The 1960 Writers Guild of America strike was a labor dispute held by both Writers Guilds of America (WGAW and WGAE), against the Association of Motion Picture Producers.  It lasted for 146 days (from January 16 until June 10, 1960, with network writers joining mid-March, although an agreement between the involved parties was signed two days later after the strike), making it the second longest strike ever held by both unions by just one week less than the 1988 writers strike. This dispute was meant to raise concerns about broadcast royalties for films that air on television.

For a time, the actors were on strike at the same time, but they had returned to work before the writers reached a compromise with the film companies.

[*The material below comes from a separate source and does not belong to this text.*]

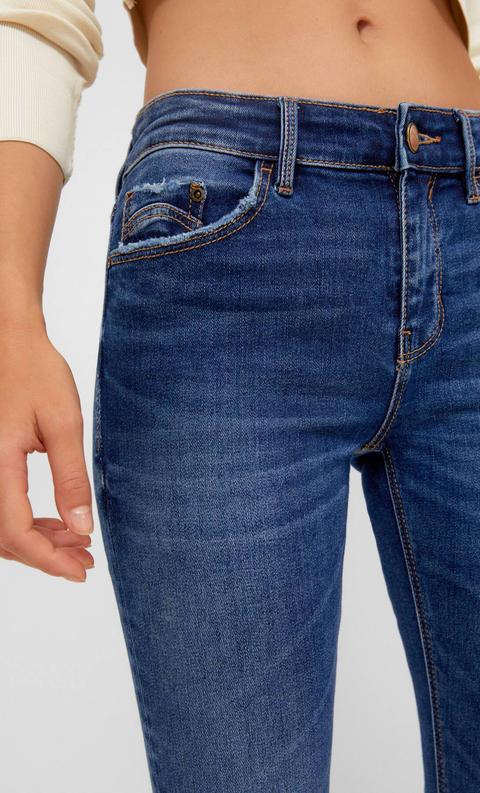 Jeans Skinny Low Waist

Seven of the eight major studios have reached an agreement:
 Allied Artists
 Columbia
 MGM
 Paramount
 Twentieth-Century Fox
 Walt Disney
 Warner Bros.
The eighth, Universal International, had reached an agreement before the strike began.  The settlement included having the studios pay into the writers' pension and health funds in the amount of $600,000.  They also agreed to give 5% of the studio's income from pre-1960 movies that air on television.  On post-1960 movies, writers got 2% of income.  If the film was shown on pay TV, they would not receive additional income.  The minimum rates were also increased to $350 a week and writers would get a 10% raise for the first two years and then 5% for the next year and a half.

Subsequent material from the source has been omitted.